The European Commission on Monday proposed extending for a year an emergency measure to curb gas demand that is set to expire in order to help the continent get through next winter.
The European Commission on Monday proposed that EU countries extend for a year an emergency measure to curb gas demand for the next 12 months, to help prepare Europe to get through next winter with scarce Russian gas.
Europe is emerging from winter with a more stable energy supply than was feared last year, after Russia cut off most gas supplies in the months following its invasion of Ukraine – squeezing supply and triggering record-high prices.
The Commission said countries should extend, from April until March 2024, a voluntary target to curb their gas demand by 15% versus their 2017-2022 average consumption. The target was due to expire at the end of March.
EU countries slashed their combined gas use by 19% from August to January 2023 helped by an unusually warm winter.
Soaring prices helped curb industrial output and the EU and national governments encouraged consumers to reduce their energy consumption.
As a result, Europe is approaching the end of winter with unusually high levels of gas in storage.

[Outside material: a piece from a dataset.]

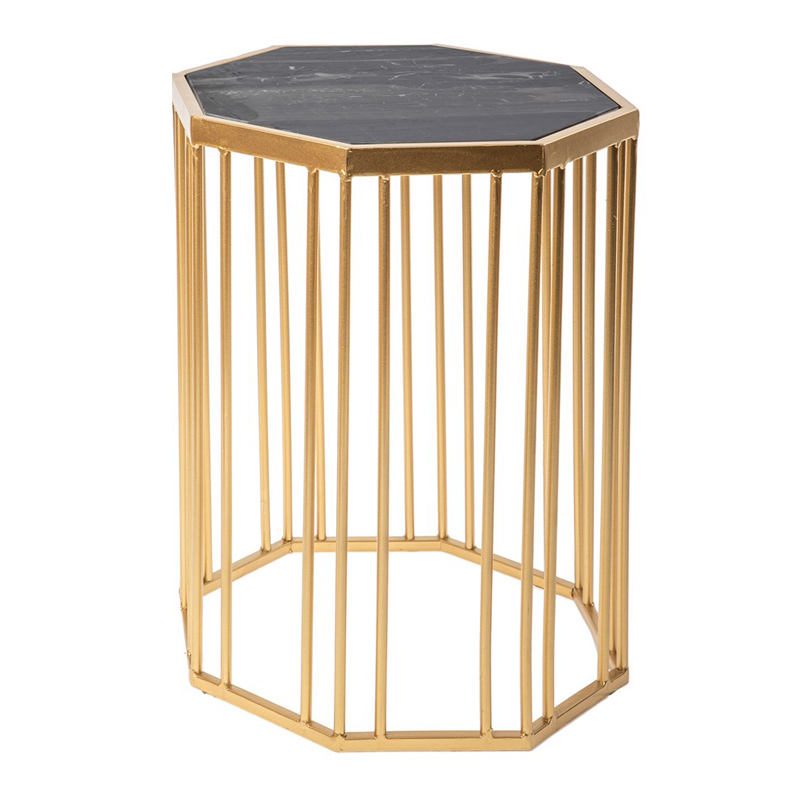 Приставной стол Side Table Marble чёрный мрамор Черный Мрамор Nero Золотой в Нижнем Новгороде | Loft Concept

They also have a more stable supply outlook after rapidly expanding renewable energy to help displace Russian gas and building infrastructure to take in imports of fuel from alternative suppliers.
Risks remain, including cold weather or increased Chinese gas demand which could reduce supply available for European buyers.
The Commission said continued gas demand curbs are needed if countries are to fill their gas storage to 90% of capacity by November – a binding target EU countries agreed last year to help avert winter shortages.
EU energy ministers will discuss the target at a meeting in Brussels on Mar. 28.
Officials said not all countries are on board with extending the measure – though as it required support from EU member states representing at least 65% of the bloc’s total population, some said it appeared likely to win approval.